Prompt. All lines at and after the one containing "Mini Mall Storage - Loganville", up to the end of the listing below, are to be printed exactly, with the pictures omitted.
++++ Exercise data ++++
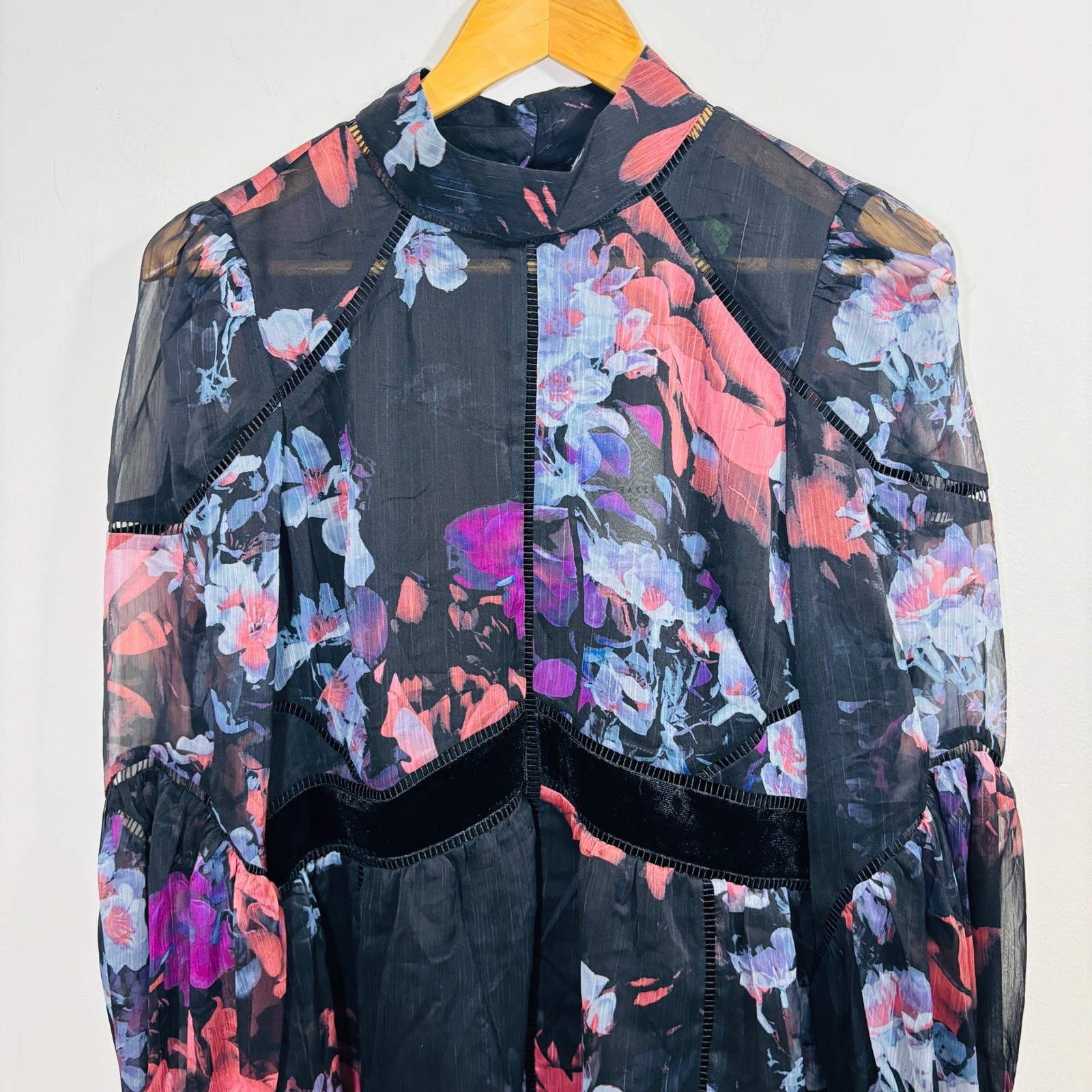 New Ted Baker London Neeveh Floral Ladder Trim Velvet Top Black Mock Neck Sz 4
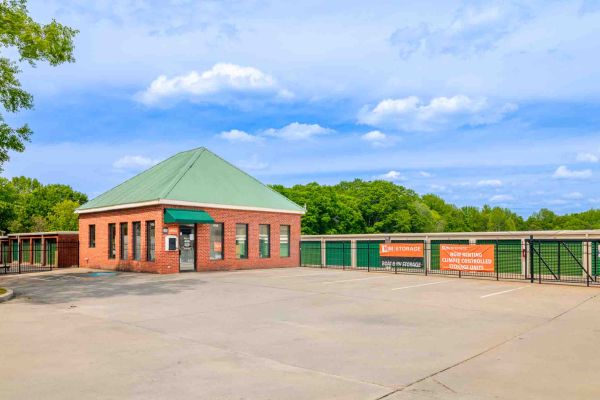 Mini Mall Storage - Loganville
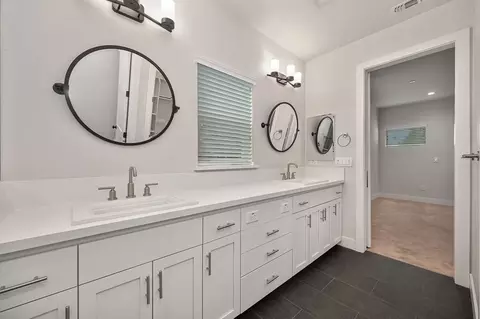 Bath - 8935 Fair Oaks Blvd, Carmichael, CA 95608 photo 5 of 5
++++
Answer to this exercise.
 Mini Mall Storage - Loganville
 Bath - 8935 Fair Oaks Blvd, Carmichael, CA 95608 photo 5 of 5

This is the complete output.